▸ Exercise brief
Because the material must match the original, reproduce every line of it exactly.

▸ Record excerpts
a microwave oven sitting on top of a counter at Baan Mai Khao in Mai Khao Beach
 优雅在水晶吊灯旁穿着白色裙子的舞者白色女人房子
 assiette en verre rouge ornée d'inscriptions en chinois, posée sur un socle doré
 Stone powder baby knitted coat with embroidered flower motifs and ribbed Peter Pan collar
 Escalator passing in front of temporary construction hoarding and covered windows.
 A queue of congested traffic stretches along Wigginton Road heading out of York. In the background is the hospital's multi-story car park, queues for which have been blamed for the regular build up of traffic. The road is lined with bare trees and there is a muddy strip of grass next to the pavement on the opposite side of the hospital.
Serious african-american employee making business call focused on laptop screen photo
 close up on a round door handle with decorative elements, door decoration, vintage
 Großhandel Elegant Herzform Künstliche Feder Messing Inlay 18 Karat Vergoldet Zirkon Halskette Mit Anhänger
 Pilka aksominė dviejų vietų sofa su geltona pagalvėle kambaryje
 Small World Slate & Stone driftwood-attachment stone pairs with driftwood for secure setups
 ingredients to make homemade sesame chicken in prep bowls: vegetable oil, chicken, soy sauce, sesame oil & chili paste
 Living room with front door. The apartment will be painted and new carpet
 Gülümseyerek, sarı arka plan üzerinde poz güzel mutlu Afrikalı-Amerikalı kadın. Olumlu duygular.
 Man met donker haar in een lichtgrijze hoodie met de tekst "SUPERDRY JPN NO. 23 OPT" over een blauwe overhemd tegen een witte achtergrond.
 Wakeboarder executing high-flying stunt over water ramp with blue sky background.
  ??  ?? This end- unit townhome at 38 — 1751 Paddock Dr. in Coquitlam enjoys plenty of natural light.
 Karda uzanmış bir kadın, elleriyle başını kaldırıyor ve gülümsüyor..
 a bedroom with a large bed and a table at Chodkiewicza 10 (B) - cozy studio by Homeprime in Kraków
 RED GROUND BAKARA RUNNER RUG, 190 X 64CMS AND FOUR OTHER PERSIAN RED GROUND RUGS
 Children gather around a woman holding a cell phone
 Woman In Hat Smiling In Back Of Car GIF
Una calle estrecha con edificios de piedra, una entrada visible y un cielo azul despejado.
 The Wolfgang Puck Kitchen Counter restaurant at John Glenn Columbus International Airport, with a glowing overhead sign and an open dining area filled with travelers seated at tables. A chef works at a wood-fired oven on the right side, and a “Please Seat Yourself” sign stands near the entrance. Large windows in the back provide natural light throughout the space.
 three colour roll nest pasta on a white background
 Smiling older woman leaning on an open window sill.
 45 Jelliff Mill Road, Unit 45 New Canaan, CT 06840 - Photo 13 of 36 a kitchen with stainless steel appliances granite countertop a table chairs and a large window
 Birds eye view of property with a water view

▸ Response for this exercise
a microwave oven sitting on top of a counter at Baan Mai Khao in Mai Khao Beach
 优雅在水晶吊灯旁穿着白色裙子的舞者白色女人房子
 assiette en verre rouge ornée d'inscriptions en chinois, posée sur un socle doré
 Stone powder baby knitted coat with embroidered flower motifs and ribbed Peter Pan collar
 Escalator passing in front of temporary construction hoarding and covered windows.
 A queue of congested traffic stretches along Wigginton Road heading out of York. In the background is the hospital's multi-story car park, queues for which have been blamed for the regular build up of traffic. The road is lined with bare trees and there is a muddy strip of grass next to the pavement on the opposite side of the hospital.
Serious african-american employee making business call focused on laptop screen photo
 close up on a round door handle with decorative elements, door decoration, vintage
 Großhandel Elegant Herzform Künstliche Feder Messing Inlay 18 Karat Vergoldet Zirkon Halskette Mit Anhänger
 Pilka aksominė dviejų vietų sofa su geltona pagalvėle kambaryje
 Small World Slate & Stone driftwood-attachment stone pairs with driftwood for secure setups
 ingredients to make homemade sesame chicken in prep bowls: vegetable oil, chicken, soy sauce, sesame oil & chili paste
 Living room with front door. The apartment will be painted and new carpet
 Gülümseyerek, sarı arka plan üzerinde poz güzel mutlu Afrikalı-Amerikalı kadın. Olumlu duygular.
 Man met donker haar in een lichtgrijze hoodie met de tekst "SUPERDRY JPN NO. 23 OPT" over een blauwe overhemd tegen een witte achtergrond.
 Wakeboarder executing high-flying stunt over water ramp with blue sky background.
  ??  ?? This end- unit townhome at 38 — 1751 Paddock Dr. in Coquitlam enjoys plenty of natural light.
 Karda uzanmış bir kadın, elleriyle başını kaldırıyor ve gülümsüyor..
 a bedroom with a large bed and a table at Chodkiewicza 10 (B) - cozy studio by Homeprime in Kraków
 RED GROUND BAKARA RUNNER RUG, 190 X 64CMS AND FOUR OTHER PERSIAN RED GROUND RUGS
 Children gather around a woman holding a cell phone
 Woman In Hat Smiling In Back Of Car GIF
Una calle estrecha con edificios de piedra, una entrada visible y un cielo azul despejado.
 The Wolfgang Puck Kitchen Counter restaurant at John Glenn Columbus International Airport, with a glowing overhead sign and an open dining area filled with travelers seated at tables. A chef works at a wood-fired oven on the right side, and a “Please Seat Yourself” sign stands near the entrance. Large windows in the back provide natural light throughout the space.
 three colour roll nest pasta on a white background
 Smiling older woman leaning on an open window sill.
 45 Jelliff Mill Road, Unit 45 New Canaan, CT 06840 - Photo 13 of 36 a kitchen with stainless steel appliances granite countertop a table chairs and a large window
 Birds eye view of property with a water view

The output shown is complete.